An FBI official's political beliefs do not constitute a conflict of interest. If that were true, why should the Special Counsel (Mueller) be allowed to be a Republican? Are we supposed to be erring on the side of the accused (Trump)?


> It shows his bias, which is a clear conflict of interest

If a police officer is investigating you for committing a crime, they don’t recuse themselves because they think you’re guilty. That’s why they’re investigating you.


> It shows his bias, which is a clear conflict of interest,

It only shows bias if there is evidence that the feeling confessed arose prior to the assembly of the dossier.

> The fact that it was not disclosed shows that either the leadership of the FBI was overzealous or also very biased

Or that the history of back-and-forth with FISC over FISA applications led them to believe that, in the totality of circumstances, this is not information that FISC would consider material in the application.


The dossier was bought and paid for by the DNC. It had a partisan origin which was not disclosed. Steele's time was bought and paid for by the DNC.

The FBI officials had clear conflicts of interest, but I guess they thought they could get away with it since its all classified.


> The dossier was bought and paid for by the DNC. It had a partisan origin which was not disclosed.

That's a different issue than the issue of whether or not Steele’s personal strong opposition to Trump after gathering the dossier shows “bias” that negates it's credibility, which was the topic under discussion in this subthread.


Funny. A guy is paid by a political party to dig up or manufacture dirt on another candidate, and you don't think that this would be something that the court might be interested in when its asked to issue an extraordinary warrant based on it? You don't think him being paid wouldn't bias him?

Incredible.

We now have the spectacle of a partisan organization laundering opposition research through the FBI in order to engage the full power of the intelligence community to eavesdrop on the opposition.

If this doesn't signal the need for FISA reforms, what will?


So, what I've learned from this nothingburger is that Devin Nunes (and, presumably, he Trump White House, who he's been fairly openly acting as a shield for from day one) is really, really worried about the Carter Page piece of the investigation.

I don't see this release doing all that much politically other than raising the stakes; even assuming people miss that it's political spin, there's no new smoking gun even alleged here that is likely to change minds. I suppose it might shore up support among people whose reflexive support for Trump competes with reflexive support for law enforcwment, which is politically significant if the concern is the collapse of support in the Republican base, but I don't see it having resonance beyond that.


This is the furthest thing from a nothingburger. Comey testified under oath that the dossier was salacious and unverified. The FBI knew the document was opposition research created by Clinton and the DNC. Yet Comey approved surveillance on the Trump team based on that document. So in effect, the FBI worked with the democrats to falsify documents to go after a political opponent. This is a pretty big scandal.


> Yet Comey approved surveillance on the Trump team based on that document.

The surveillance started long before that dossier was put together. So it couldn't be based on the not-yet-compiled document regardless of what this document claims.
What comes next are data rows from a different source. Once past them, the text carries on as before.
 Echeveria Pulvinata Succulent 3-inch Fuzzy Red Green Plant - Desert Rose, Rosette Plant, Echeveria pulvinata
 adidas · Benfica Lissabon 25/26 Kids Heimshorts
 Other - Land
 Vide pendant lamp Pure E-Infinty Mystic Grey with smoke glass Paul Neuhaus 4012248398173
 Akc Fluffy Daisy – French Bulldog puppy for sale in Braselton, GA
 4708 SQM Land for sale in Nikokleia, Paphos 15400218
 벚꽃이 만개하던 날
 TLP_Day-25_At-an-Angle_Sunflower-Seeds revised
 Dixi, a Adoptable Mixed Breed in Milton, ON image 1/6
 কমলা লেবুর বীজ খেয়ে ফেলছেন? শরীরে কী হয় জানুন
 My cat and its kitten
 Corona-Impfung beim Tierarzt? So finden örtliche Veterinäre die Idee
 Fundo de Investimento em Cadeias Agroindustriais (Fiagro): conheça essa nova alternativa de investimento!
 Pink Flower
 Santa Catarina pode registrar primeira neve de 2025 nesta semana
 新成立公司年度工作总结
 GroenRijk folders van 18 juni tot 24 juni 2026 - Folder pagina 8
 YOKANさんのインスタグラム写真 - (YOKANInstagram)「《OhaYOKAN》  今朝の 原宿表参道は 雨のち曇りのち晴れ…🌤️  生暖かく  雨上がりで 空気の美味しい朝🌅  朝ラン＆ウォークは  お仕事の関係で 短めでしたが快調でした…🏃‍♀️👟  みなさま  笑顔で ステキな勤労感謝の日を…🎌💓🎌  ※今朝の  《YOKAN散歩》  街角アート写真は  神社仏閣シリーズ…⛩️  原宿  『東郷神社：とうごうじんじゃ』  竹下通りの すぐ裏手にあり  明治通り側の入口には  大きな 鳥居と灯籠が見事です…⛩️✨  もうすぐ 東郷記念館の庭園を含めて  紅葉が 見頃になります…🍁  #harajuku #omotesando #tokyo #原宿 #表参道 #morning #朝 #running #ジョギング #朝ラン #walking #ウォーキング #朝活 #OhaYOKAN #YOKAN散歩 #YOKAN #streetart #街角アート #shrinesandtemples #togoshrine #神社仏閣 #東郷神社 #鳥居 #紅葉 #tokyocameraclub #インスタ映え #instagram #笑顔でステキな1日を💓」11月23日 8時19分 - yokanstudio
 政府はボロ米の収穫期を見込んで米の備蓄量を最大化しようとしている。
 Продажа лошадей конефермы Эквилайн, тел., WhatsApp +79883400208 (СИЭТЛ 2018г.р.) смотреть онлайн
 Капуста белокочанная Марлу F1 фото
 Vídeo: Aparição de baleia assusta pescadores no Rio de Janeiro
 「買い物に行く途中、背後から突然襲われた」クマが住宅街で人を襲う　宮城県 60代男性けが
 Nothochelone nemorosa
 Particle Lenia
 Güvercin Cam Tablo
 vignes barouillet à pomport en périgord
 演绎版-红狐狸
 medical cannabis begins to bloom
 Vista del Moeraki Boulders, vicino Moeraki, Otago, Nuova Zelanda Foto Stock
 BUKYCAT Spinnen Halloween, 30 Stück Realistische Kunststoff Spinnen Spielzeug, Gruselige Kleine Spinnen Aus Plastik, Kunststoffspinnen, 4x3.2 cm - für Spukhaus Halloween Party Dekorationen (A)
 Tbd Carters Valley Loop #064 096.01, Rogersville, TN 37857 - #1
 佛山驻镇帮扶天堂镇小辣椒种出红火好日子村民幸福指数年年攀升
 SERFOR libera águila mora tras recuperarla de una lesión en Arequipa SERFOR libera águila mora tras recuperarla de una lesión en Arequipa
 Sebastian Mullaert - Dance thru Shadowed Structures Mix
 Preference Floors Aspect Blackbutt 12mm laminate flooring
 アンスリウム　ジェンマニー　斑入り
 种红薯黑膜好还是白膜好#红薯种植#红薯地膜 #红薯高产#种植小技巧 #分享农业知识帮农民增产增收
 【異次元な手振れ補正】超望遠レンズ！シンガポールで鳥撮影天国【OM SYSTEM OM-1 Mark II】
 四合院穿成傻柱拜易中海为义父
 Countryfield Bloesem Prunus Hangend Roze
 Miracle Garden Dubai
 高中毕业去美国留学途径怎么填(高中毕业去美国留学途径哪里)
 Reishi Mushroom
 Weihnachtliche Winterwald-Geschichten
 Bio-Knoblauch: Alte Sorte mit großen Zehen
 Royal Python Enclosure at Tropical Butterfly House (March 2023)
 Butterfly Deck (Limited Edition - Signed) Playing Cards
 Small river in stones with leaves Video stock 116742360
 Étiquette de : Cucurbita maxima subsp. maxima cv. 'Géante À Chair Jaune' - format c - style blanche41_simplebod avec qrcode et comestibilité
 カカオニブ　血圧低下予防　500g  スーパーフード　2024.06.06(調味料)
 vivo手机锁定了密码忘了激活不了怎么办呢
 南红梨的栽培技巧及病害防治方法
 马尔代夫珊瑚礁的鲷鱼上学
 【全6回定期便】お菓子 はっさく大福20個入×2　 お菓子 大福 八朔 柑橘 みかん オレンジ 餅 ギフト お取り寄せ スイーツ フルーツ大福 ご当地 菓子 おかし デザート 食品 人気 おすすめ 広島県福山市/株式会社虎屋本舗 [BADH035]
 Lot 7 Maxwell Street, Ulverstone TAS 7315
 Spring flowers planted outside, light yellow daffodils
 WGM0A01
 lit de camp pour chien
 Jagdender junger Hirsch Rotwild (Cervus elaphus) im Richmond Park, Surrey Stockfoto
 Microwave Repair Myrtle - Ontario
> The surveillance started long before that dossier was put together.

The FISA surveillance targeting Page did not. Information about Page, and implicating him as a Russian asset, was captured on surveillance of Russian nationals suspected of being spies in 2013, and was no doubt key to the FISA application (apparently, one of the points on which Democratic rebuttal challenges the Nunes memo’s characterization is on the centrality of the dossier info to the FISA application.)


> Yet Comey approved surveillance on the Trump team

At the time of the FISA warrant, Page was a former campaign staffer. Characterizing surveillance of him as surveillance of “the Trump team” is wildly inaccurate on many levels.


Disgraceful!

Trump should seize control of the FBI and restore some order. We need to get a grasp on what's going on here.